Szpinak jest zdrowy, zawiera dużo żelaza i podobno jest bardzo smaczny. Ja zawsze miałam uraz z lat szkolnych i dla mnie szpinak smakował mydłem.
Aż pewnego dnia nie zaryzykowałam i nie użyłam świeżego szpinaku. Metodą prób, błędów i twórczych uniesień powstała zapiekanka na bazie szpinaku.
Składniki:
0,5 kg szpinaku mrożonego lub 1 kg świeżego
1 główka czosnku – można dać mniej, zależy to jedynie od osobistych preferencji
0,5 kg mielonej wołowiny
0,5 kg kurek
2 jajka
ser pleśniowy
Wykonanie:
- Na rozgrzaną patelnię rozdrabniamy mięso.
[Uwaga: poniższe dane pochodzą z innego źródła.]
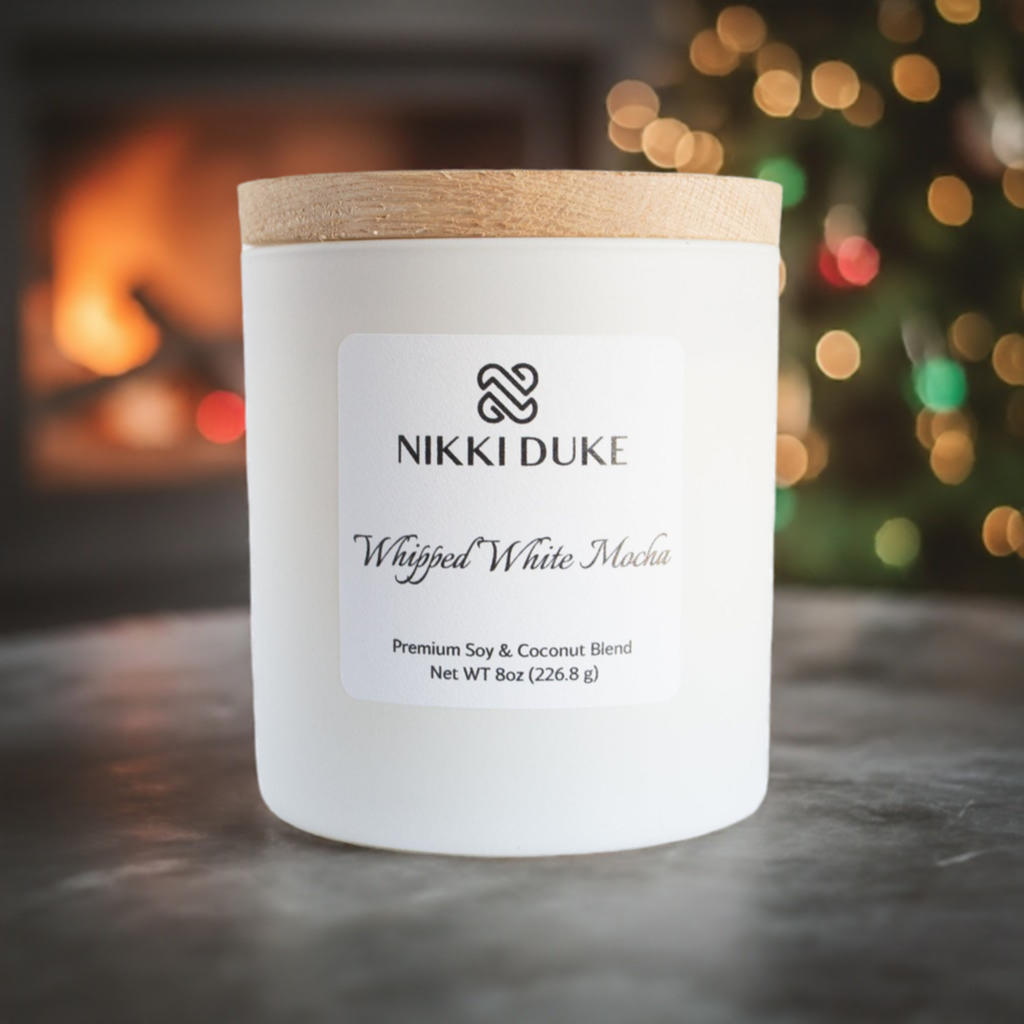 Nikki Duke Whipped White Mocha 8 oz Premium Soy + Coconut Candle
Ważne jest, żeby nie przerzucić go w całości, ale rozerwać palcami na drobne kawałeczki. Przesypujemy solą i pieprzem (ja używam mieszanki pieprzy kolorowych, młotkowanej, nie mielonej). Smażymy aż do momentu, w którym mięso zaczyna się rumienić. Zrumienione przekładamy do innego naczynia.
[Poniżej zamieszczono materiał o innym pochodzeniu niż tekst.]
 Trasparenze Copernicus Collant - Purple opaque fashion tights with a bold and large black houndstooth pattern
- W czasie smażenia mięsa przygotowujemy czosnek i szpinak. Przy tej ilości szpinaku – mniej więcej jedna główka. Czosnek obieramy, po czym kroimy na niezbyt cienkie plasterki. Odłamujemy łodyżki szpinaku, a liście rozrywamy lub kroimy na mniejsze części.
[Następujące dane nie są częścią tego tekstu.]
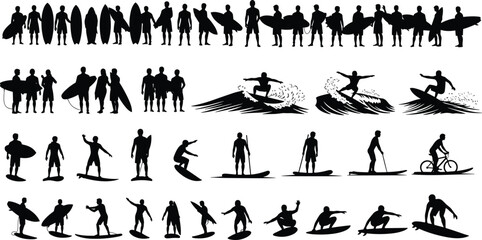 Black surfing and stand-up paddleboarding silhouettes, surfer, paddleboarder, waves, bicycle, summer, watersport, lifestyle, ocean beach activity, isolated white background vector illustration.
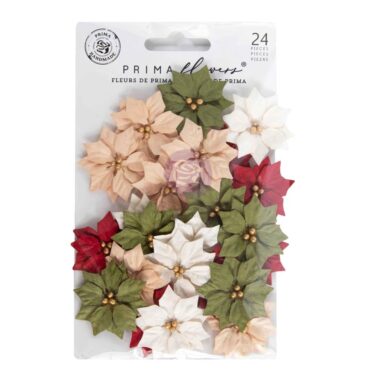 Prima Marketing Collezione Twinkle & Treats - Paper Flowers 24/Pkg Holiday Blooms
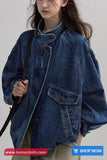 Loose Retro Stand Collar Denim Coat Jacket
- Na patelnię po mięsie wrzucamy czosnek i podsmażamy do zrumienienia. Następnie dodajemy szpinak i dusimy do zwiędnięcia.
- Przekładamy do innego naczynia.
- Na patelnię przerzucamy kurki, leciutko solimy i smażymy do usunięcia wilgoci. Pilnujemy, żeby kurki zebrały wszystkie pozostawione przez mięso i szpinak „smaczki”.
- Do żaroodpornego naczynia przekładamy szpinak. Na nim równą warstwą rozkładamy mięso, a na nim kurki. Następnie jajka miksujemy z odrobiną mleka, solą i pieprzem. Masę jajeczną wylewamy na kurki tak, aby pokryć całość naczynia. Wierzch przykrywamy plastrami sera pleśniowego.
Wstawiamy do piekarnika rozgrzanego do 200 stopni na ok. 20 minut.
Smacznego!
(Visited 60 times, 1 visits today)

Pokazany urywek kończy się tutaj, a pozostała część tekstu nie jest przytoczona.